Project

General

Profile

Feature #8

Clear states after failover

Added by Perry Mason over 10 years ago. Updated almost 5 years ago.

Status:
Resolved
Priority:
High
Assignee:
-
Category:
Rules/NAT
Target version:
Start date:
05/10/2009
Due date:
% Done:

0%

Estimated time:

Description

In a Multi wan Setup some VOIP phones needs a little help after a fail over.
Solution previously outlined in http://forum.pfsense.org/index.php/topic,7808.0.html works but can hopefully be improved.

- Replace afterfilterchange with apinger so states only gets reset when a fail over happens and not on every filter change.
- When states gets cleared it will only happen to a single IP or a group of IP's and not every entry in state table

Associated revisions

Revision 102ab75d (diff)
Added by Scott Ullrich over 9 years ago

Clear states for an interface if it is down Ticket #8

Revision 64e9ae07 (diff)
Added by Scott Ullrich over 9 years ago

Use correct argument for pfctl -b Ticket #8

Revision 05f3ffa4 (diff)
Added by Ermal Luçi over 9 years ago

Ticket #8. Delete states after link fails down.

Revision 79b7f498 (diff)
Added by Ermal Luçi about 9 years ago

Ticket #8. Use proper IP to pfctl -b and run the command after the rules have been removed for the not 'down' interfaces.

Revision 1bb03150 (diff)
Added by Ermal Luçi almost 9 years ago

Ticket #8. Try to kill all states regarding source nodes and states with source address the gateway ip.

Revision 7b877108 (diff)
Added by Ermal Luçi almost 9 years ago

Ticket #8. Try to kill even all states from hosts and destination the gateway ip.

Revision fa2f5379 (diff)
Added by Ermal Luçi almost 9 years ago

Ticket #8. Actually use the new functionality of pfctl -b to kill even states referencing down gateways in their route-to cached parameter.

Revision b439dc01 (diff)
Added by Ermal Luçi almost 9 years ago

Pass the new argumesnts to pfctl -b and correct variable name as reported on Ticket #8.

Revision eed02caf (diff)
Added by Ermal Luçi almost 9 years ago

Ticket #8. A try at correctly finding the gateway ip of down interfaces or gateways marked as down. Currently it cannot be gotten from apinger.

Revision b7142c29 (diff)
Added by Ermal Luçi almost 9 years ago

Ticket #8. Use correct variable. Discovered-by: Mark Huijgen

History

#1 Updated by Ermal Luçi about 10 years ago

I have done this for pppoe/pptp/l2tp interfaces through pfctl -b in 2.0.
For the other cases some more code analysis is needed to find when the interface fails.
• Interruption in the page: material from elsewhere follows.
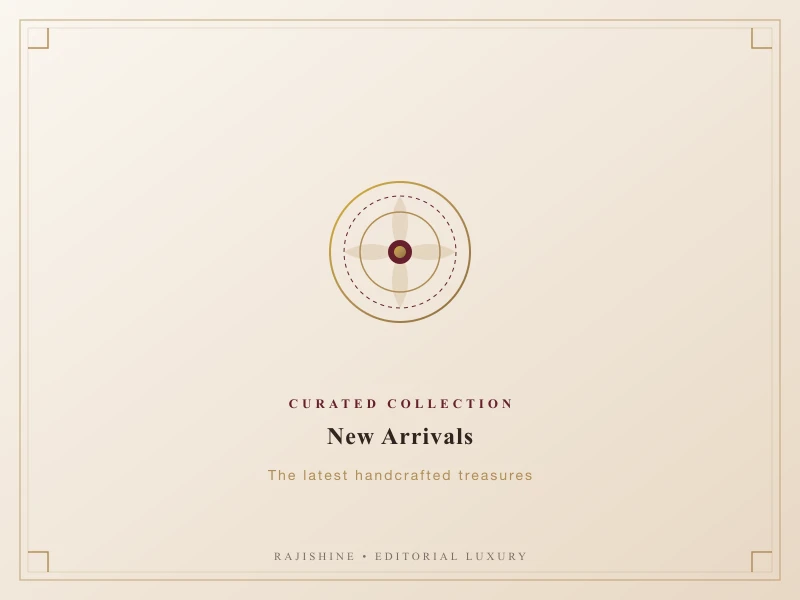 New Arrivals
Though its just a matter of writing the code than how-to analysis.

AFAIK the patch is present in pf(4) for 7.2 sources too.

#2 Updated by Scott Ullrich almost 10 years ago

  • Assignee deleted (Core Team)
  • Affected Version set to 2.0

#3 Updated by Scott Ullrich over 9 years ago

  • Priority changed from Normal to Very Low

#4 Updated by Chris Buechler over 9 years ago

  • Priority changed from Very Low to High

This is important, services that maintain a connection never come back after failover without this. VoIP is a good example, that state will never clear, so phones won't fail over without manually clearing states. The per-interface state kill that I believe Ermal added to pfctl fixes this.

#5 Updated by Chris Buechler over 9 years ago

  • Category changed from Unknown to Rules/NAT
  • Affected Version changed from 2.0 to All

pfctl -b <IP of interface>

does this reportedly (haven't tested thoroughly, it's in our code and appears to work).

#6 Updated by Scott Ullrich over 9 years ago

I looked through the tree last night and I did not see pfctl -b in use anywhere. Can someone point me to where its currently being used?

#7 Updated by Chris Buechler over 9 years ago

I don't think it is being used, it needs to be tested to ensure it works, then added to run appropriately when a WAN fails.

#8 Updated by Ermal Luçi over 9 years ago

I already told:
"I have done this for pppoe/pptp/l2tp interfaces through pfctl -b in 2.0."

Look at the link down scripts in /usr/local/[s]bin

#9 Updated by Chris Buechler over 9 years ago

That's good Ermal, that fixes a different problem with the same cause where upon PPPoE reconnect (primarily in countries where they force a daily reconnect like Germany) stale states can hang around.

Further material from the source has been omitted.